= What the task asks =
Copy every line of the records exactly, without including the images.

#### Supplied information

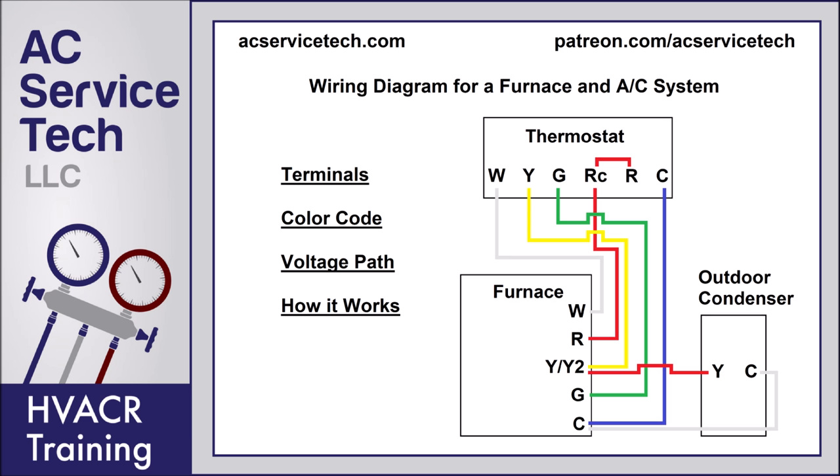Hey guys, this is Craig Migliaccio with AC Service Tech, and today what we're going over is the thermostat wiring of a furnace and air conditioning system. We're going to be going over the terminals, the color code, the voltage path, and how it works.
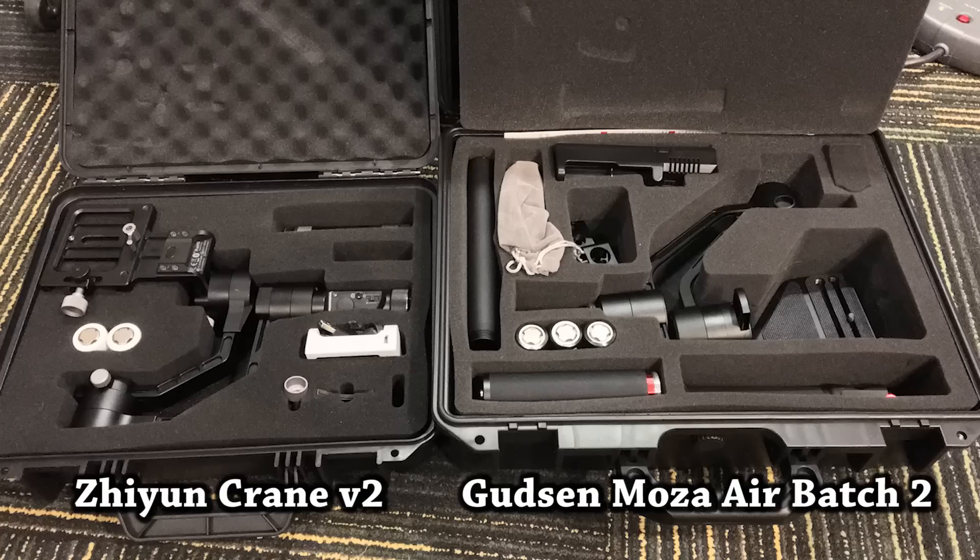Hi, this is Jason with MDI and today we have a quick update of the Crane version 2 versus the Mouanzua production batch number 2.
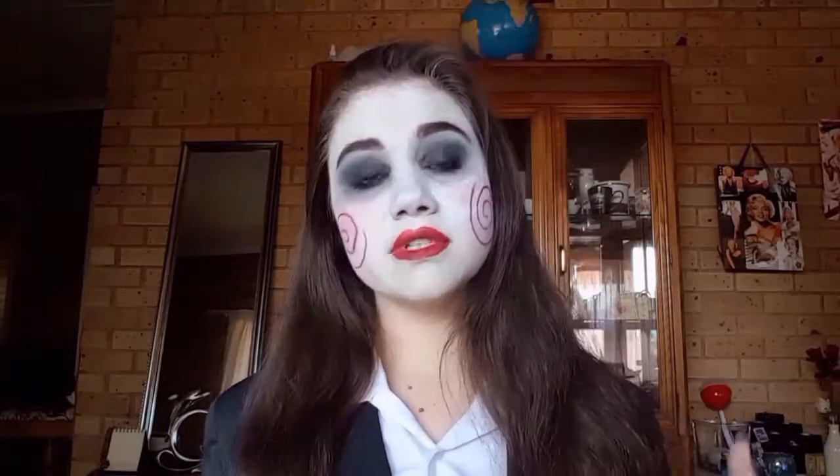Hello everyone, thank you so much for watching. Today I have this Jigsaw inspired Halloween makeup look ready for you guys. If I was going to wear this look out today, I would definitely have gone the extra mile and applied the white face paint all the way down on my neck so that you can see the skin difference here. But if you wanted to know how I got this look, please keep watching.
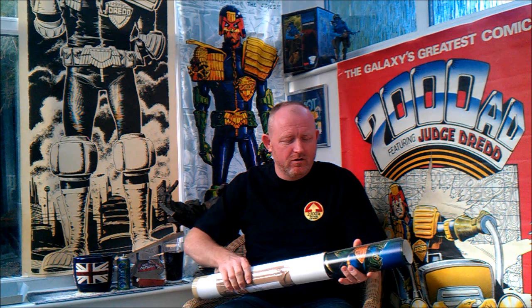Three posters in here. I bought them from Ian Senior, who has a massive stockpile of Dread merchandise in the house he lives in — or his parents' house, I think, from what people told me. I went up there many years ago and bought some stuff, but I managed to get these not long ago.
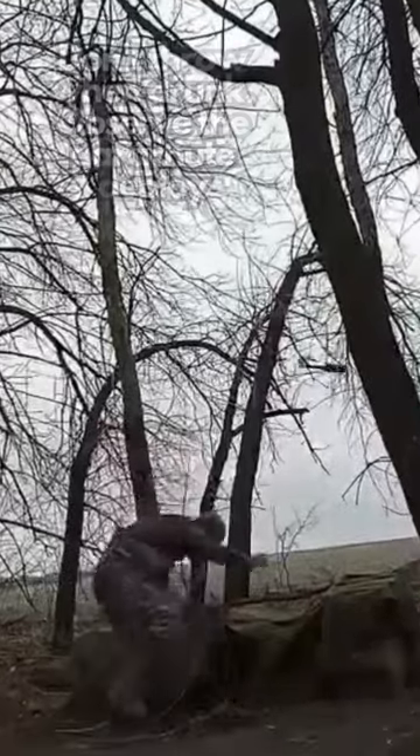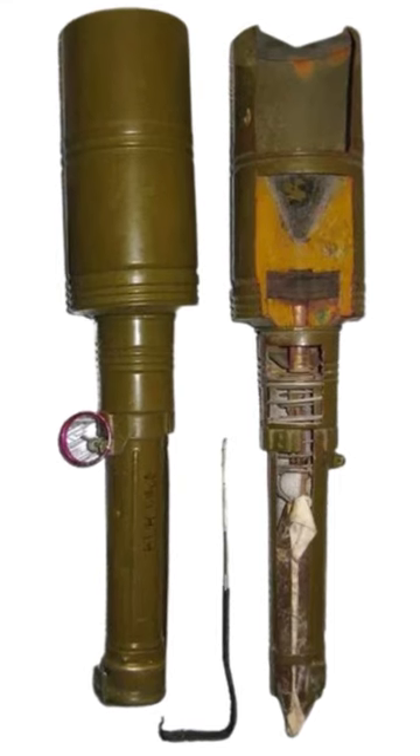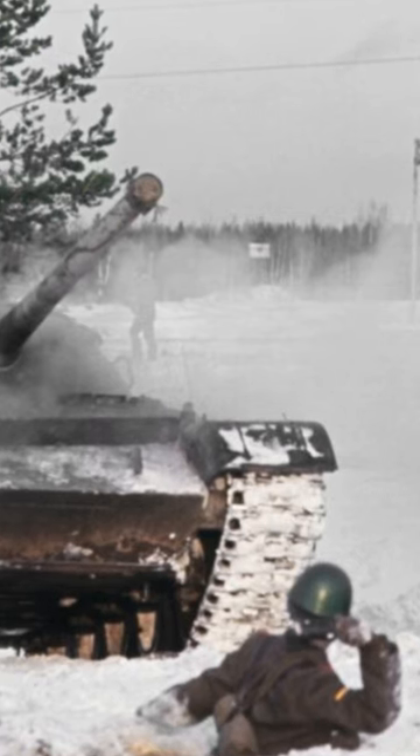The RKG-3 grenade is a Soviet-designed anti-tank weapon. It is designed to be thrown and has a lever that covers the base of the handle and runs up each side of it. When the pin is pulled, the lever falls away.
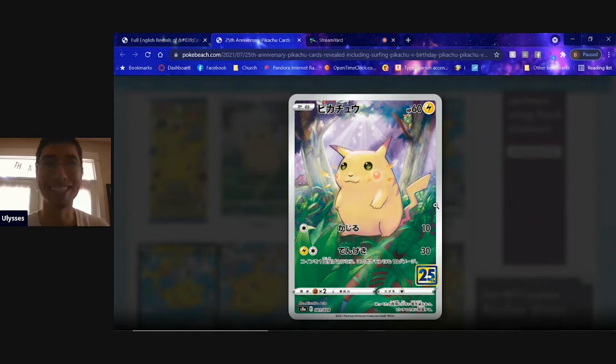What's up everyone, my name is Ulysses and let's get into some Pokemon news, namely some 25th anniversary news as we have some new released images for the 25th anniversary cards.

########

= Output for this exercise =
Hey guys, this is Craig Migliaccio with AC Service Tech, and today what we're going over is the thermostat wiring of a furnace and air conditioning system. We're going to be going over the terminals, the color code, the voltage path, and how it works.
Hi, this is Jason with MDI and today we have a quick update of the Crane version 2 versus the Mouanzua production batch number 2.
Hello everyone, thank you so much for watching. Today I have this Jigsaw inspired Halloween makeup look ready for you guys. If I was going to wear this look out today, I would definitely have gone the extra mile and applied the white face paint all the way down on my neck so that you can see the skin difference here. But if you wanted to know how I got this look, please keep watching.
Three posters in here. I bought them from Ian Senior, who has a massive stockpile of Dread merchandise in the house he lives in — or his parents' house, I think, from what people told me. I went up there many years ago and bought some stuff, but I managed to get these not long ago.
The RKG-3 grenade is a Soviet-designed anti-tank weapon. It is designed to be thrown and has a lever that covers the base of the handle and runs up each side of it. When the pin is pulled, the lever falls away.
What's up everyone, my name is Ulysses and let's get into some Pokemon news, namely some 25th anniversary news as we have some new released images for the 25th anniversary cards.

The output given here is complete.